==== DATA PROVIDED ====

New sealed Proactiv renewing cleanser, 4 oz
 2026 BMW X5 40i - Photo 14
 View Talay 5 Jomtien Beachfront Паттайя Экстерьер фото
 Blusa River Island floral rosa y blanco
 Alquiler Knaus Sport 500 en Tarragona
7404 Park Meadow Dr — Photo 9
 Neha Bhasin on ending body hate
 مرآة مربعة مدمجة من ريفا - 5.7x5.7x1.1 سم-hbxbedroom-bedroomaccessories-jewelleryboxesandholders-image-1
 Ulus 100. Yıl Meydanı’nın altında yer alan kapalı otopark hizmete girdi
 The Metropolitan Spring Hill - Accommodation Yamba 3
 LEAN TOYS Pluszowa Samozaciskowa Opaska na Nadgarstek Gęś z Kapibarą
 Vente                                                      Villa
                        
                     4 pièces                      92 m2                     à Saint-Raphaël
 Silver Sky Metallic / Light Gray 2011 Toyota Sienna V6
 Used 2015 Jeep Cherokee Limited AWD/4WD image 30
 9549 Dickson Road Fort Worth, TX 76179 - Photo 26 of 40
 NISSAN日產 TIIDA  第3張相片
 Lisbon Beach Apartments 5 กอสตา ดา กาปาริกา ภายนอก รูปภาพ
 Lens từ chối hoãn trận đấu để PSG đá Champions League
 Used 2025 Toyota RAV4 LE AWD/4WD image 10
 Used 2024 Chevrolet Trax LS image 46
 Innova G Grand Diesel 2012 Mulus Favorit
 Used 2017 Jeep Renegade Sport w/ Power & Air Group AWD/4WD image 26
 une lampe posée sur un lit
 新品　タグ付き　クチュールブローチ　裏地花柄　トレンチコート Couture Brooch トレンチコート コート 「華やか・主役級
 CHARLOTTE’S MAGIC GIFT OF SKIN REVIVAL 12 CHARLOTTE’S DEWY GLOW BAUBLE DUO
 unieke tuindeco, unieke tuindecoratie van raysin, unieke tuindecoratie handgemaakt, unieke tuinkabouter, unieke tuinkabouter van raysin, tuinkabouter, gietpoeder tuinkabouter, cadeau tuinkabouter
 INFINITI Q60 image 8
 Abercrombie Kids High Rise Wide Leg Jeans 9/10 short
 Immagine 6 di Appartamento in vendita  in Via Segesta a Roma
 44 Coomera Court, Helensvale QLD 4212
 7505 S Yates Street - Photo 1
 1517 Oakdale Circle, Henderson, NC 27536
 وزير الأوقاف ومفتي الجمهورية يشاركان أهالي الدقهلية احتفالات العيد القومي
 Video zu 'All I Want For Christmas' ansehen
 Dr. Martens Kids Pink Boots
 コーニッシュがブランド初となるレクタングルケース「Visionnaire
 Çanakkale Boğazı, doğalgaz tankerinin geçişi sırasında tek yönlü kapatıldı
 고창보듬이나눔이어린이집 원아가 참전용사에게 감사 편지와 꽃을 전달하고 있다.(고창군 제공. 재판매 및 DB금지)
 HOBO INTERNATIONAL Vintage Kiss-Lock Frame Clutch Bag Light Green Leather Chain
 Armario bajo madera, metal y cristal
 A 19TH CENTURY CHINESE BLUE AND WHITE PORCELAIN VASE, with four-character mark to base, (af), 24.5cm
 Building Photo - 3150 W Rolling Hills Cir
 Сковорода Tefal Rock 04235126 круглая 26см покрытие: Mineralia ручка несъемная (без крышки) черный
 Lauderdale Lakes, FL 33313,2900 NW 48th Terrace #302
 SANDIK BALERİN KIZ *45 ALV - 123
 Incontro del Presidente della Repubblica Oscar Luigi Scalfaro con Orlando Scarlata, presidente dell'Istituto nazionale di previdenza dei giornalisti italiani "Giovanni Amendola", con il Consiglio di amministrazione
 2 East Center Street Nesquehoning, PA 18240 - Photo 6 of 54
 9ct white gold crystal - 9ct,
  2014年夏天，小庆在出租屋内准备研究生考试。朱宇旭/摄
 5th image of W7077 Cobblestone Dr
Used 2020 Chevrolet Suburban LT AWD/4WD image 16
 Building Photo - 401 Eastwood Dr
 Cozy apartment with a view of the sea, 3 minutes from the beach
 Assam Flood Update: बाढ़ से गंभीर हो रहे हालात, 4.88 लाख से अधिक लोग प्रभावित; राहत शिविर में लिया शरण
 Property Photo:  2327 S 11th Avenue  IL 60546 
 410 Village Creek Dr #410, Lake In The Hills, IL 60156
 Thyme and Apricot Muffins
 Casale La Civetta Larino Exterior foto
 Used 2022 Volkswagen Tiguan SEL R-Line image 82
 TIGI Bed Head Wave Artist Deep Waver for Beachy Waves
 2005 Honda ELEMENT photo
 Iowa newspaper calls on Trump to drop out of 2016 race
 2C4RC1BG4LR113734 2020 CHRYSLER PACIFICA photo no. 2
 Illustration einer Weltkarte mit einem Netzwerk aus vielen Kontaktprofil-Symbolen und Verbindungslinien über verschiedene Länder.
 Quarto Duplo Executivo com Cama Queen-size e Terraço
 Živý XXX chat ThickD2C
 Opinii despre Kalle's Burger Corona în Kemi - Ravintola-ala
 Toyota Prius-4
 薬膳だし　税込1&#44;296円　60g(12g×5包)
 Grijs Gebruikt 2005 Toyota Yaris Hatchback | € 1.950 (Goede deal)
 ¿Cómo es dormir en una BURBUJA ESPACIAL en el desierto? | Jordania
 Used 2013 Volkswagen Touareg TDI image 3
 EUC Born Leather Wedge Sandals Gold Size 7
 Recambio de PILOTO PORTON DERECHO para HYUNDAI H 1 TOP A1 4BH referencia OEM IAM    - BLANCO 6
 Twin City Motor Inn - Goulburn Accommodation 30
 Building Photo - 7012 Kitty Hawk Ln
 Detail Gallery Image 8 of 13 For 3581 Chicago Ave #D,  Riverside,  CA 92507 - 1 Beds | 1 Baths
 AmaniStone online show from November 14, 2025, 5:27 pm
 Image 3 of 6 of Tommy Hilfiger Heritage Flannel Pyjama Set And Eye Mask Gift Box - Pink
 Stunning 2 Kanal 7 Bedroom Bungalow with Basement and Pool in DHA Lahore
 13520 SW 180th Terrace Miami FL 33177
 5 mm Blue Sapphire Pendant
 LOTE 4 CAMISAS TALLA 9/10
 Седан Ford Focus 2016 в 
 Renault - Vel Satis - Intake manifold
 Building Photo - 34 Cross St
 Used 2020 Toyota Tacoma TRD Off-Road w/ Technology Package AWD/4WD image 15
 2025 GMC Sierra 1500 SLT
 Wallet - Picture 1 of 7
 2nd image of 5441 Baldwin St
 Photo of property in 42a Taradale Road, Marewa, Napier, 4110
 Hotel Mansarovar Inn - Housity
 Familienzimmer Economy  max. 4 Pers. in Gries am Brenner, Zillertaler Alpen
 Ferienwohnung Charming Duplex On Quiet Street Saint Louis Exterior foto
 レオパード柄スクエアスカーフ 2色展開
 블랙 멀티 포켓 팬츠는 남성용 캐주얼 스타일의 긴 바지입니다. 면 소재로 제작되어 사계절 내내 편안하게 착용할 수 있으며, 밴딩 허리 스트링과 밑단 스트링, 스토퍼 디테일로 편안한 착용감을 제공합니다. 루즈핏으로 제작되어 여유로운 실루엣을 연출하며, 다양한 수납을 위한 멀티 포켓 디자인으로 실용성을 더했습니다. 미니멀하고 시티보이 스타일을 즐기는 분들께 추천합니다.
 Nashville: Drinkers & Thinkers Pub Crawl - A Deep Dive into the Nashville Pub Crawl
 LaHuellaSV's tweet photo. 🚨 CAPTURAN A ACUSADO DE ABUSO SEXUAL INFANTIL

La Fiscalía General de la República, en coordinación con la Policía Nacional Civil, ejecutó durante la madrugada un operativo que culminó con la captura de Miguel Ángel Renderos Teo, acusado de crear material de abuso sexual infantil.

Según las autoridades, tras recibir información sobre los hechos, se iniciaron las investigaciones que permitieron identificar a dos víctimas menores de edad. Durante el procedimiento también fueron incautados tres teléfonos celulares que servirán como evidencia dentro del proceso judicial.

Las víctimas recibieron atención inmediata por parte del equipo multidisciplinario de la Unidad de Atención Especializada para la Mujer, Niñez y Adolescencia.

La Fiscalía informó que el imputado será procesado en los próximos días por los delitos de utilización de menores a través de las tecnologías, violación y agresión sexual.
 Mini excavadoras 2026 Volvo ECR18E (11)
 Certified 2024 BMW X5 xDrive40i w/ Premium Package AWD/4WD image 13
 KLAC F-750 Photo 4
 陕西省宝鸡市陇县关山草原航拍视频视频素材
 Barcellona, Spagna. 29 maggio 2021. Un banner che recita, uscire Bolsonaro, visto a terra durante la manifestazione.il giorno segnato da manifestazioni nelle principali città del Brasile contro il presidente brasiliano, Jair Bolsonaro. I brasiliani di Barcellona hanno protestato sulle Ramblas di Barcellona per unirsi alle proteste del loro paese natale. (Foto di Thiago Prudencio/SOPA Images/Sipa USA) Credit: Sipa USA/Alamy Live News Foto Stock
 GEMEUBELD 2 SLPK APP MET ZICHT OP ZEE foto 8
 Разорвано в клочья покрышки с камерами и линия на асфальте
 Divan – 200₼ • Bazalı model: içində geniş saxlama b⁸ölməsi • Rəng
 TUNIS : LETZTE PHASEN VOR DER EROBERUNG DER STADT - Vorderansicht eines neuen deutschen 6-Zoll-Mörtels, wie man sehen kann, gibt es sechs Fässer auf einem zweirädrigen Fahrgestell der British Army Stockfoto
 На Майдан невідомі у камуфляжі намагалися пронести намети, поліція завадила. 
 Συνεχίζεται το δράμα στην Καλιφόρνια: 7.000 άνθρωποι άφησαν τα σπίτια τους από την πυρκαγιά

====

## GOAL OF THE EXERCISE
Given the records above, restate word for word only the lines starting at the one with "TIGI Bed Head" and ending at the one with "EUC Born Leather Wedge Sandals Gold Size 7".

## ANSWER BOX
 TIGI Bed Head Wave Artist Deep Waver for Beachy Waves
 2005 Honda ELEMENT photo
 Iowa newspaper calls on Trump to drop out of 2016 race
 2C4RC1BG4LR113734 2020 CHRYSLER PACIFICA photo no. 2
 Illustration einer Weltkarte mit einem Netzwerk aus vielen Kontaktprofil-Symbolen und Verbindungslinien über verschiedene Länder.
 Quarto Duplo Executivo com Cama Queen-size e Terraço
 Živý XXX chat ThickD2C
 Opinii despre Kalle's Burger Corona în Kemi - Ravintola-ala
 Toyota Prius-4
 薬膳だし　税込1&#44;296円　60g(12g×5包)
 Grijs Gebruikt 2005 Toyota Yaris Hatchback | € 1.950 (Goede deal)
 ¿Cómo es dormir en una BURBUJA ESPACIAL en el desierto? | Jordania
 Used 2013 Volkswagen Touareg TDI image 3
 EUC Born Leather Wedge Sandals Gold Size 7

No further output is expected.